Den Gästen gelang es anschlie­ßend nahezu mühelos, ihren Straf­raum abzu­rie­geln, zu schwach waren die Bochumer auf den Flü­geln besetzt, wo Roman Pro­koph und Zlatko Dedic viele tech­ni­sche Mängel offen­barten. Mit Still­stand wären die Offen­siv­be­mü­hungen der Haus­herren wohl am besten umschrieben. Auf der Gegen­seite ergaben sich aller­dings immer wieder brenz­lige Situa­tionen.
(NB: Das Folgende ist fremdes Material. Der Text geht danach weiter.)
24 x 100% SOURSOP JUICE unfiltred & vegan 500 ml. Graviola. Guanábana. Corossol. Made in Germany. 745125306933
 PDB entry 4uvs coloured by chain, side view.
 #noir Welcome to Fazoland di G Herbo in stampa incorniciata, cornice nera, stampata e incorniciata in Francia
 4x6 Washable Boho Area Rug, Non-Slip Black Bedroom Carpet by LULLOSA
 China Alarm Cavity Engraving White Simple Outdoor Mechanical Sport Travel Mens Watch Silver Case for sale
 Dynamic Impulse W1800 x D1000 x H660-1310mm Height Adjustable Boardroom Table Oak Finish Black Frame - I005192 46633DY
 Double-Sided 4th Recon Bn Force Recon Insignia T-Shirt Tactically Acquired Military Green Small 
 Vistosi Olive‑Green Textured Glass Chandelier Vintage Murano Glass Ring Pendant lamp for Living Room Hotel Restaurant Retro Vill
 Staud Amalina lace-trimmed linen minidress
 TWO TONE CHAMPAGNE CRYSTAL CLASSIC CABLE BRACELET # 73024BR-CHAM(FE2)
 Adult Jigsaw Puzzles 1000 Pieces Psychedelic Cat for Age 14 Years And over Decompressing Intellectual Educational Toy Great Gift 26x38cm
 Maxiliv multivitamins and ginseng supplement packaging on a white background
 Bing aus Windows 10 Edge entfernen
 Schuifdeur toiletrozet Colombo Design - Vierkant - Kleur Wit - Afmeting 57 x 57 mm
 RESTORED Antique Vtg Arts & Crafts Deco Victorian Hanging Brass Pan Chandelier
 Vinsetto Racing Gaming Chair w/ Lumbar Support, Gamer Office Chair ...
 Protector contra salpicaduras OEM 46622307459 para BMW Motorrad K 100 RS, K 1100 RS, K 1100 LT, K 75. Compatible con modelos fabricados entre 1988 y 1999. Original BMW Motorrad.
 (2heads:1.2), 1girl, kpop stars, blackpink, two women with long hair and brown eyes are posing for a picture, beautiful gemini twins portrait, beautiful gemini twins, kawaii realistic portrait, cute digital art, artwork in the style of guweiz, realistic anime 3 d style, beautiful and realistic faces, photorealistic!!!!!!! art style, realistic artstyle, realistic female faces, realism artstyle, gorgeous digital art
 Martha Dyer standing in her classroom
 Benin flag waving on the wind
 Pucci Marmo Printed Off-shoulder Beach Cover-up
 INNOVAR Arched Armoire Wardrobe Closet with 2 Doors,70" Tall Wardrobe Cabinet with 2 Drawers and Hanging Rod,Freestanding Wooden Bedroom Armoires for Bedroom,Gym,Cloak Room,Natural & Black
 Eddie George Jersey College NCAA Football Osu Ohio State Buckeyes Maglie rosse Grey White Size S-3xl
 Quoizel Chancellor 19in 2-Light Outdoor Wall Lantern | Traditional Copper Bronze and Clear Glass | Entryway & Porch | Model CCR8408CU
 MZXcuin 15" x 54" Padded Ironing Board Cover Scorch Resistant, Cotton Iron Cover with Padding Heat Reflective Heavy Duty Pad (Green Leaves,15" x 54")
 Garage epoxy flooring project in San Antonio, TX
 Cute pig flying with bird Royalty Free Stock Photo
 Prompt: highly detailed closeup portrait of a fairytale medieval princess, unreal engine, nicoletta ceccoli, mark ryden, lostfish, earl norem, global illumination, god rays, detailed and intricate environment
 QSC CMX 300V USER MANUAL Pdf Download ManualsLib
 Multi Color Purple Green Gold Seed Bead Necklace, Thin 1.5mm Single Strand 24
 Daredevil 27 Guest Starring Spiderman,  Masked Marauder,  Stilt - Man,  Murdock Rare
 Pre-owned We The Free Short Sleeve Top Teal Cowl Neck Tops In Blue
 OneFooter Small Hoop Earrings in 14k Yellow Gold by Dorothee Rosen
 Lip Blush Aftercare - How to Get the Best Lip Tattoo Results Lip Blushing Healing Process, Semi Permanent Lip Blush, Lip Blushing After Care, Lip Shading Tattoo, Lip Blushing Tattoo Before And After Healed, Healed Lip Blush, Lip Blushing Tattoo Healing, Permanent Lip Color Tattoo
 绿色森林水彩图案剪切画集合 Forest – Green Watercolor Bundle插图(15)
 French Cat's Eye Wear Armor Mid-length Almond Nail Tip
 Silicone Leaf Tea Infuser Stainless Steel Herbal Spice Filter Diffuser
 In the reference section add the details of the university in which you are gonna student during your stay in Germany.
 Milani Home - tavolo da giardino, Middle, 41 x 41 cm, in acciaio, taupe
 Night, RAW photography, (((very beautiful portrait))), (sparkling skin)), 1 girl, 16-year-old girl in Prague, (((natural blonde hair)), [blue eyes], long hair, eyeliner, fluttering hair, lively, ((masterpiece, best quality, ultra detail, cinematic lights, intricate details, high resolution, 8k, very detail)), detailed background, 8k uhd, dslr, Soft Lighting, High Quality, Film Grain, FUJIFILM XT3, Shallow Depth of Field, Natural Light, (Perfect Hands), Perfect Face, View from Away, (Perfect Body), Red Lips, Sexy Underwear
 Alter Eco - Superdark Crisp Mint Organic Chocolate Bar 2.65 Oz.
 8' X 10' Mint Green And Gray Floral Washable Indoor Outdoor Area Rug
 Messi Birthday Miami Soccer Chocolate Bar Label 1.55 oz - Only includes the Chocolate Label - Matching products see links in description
So als Malt­ritz der Ball im Duell mit Kevin Kuranyi an die Hand sprang, Schieds­richter Stark aber wei­ter­spielen ließ. Eine wei­teres Geschenk des VfL ließ nicht lange auf sich warten. Mergim Mavraj verlor gegen Moritz den Ball und war­tete dann ver­geb­lich auf den Pfiff des Unpar­tei­ischen, erneut Farfan brachte das Spiel­gerät in die Mitte, wo Matias Concha einen Schritt zu spät kam, um Kuranyis zehnten Sai­son­treffer zu ver­hin­dern.

Ange­sichts der defen­siven Stärke der Gel­sen­kir­chener bestand zu diesem Zeit­punkt auf Seiten der Bochumer kaum noch Hoff­nung auf den dritten Erfolg in Serie. Den beiden Tref­fern hatten die Gast­geber ledig­lich Pro­kophs Pfos­ten­schuss aus spitzem Winkel ent­gegen zu setzen. Schalke ver­spielt in letzter Sekunde Tabel­len­füh­rung Heiko Herr­lich reagierte und brachte zur zweiten Halb­zeit Slawo Freier und Mimoun Azaouagh für Dedic und Pro­koph.

Es wurde nun etwas leb­hafter in der Bochumer Offen­siver, aber nicht ertrag­rei­cher. Viel­mehr hatte Kuranyi nach einer knappen Stunde sogar das 3:0 auf dem Fuß, nachdem Mavraj sich einen Fehl­tritt geleistet hatte, der an Edus legen­däres Luft­loch im Spiel gegen Stan­dard Lüt­tich erin­nerte. Der Bra­si­lianer gehörte übri­gens diesmal nicht zur Startelf der Schalker. Weil der über­raschte Kuranyi in dieser Situa­tion an VfL-Tor­hüter Heer­wagen schei­terte, blieb es beim 0:2.

Und dann wurde es sogar noch einmal span­nend. Gerade erst hatte Manuel Neuer ein Eigentor von Bordon ver­hin­dert, da war er schließ­lich doch geschlagen. Nach einer Ecke von Milos Maric traf der ein­ge­wech­selte Vahid Has­h­emian zum 1:2, plötz­lich war die vorher so ver­misste Der­by­stim­mung da, die, zumin­dest auf Seite der Bochumer, in Jubel mün­dete. Mit der letzten Aktion des Spiels köpfte Sta­nislav Sestak, von Has­h­emian bedient, zu 2:2 ein. Der Bann war gebro­chen, diesmal ver­ließen die Schalker nicht als Sieger den Platz.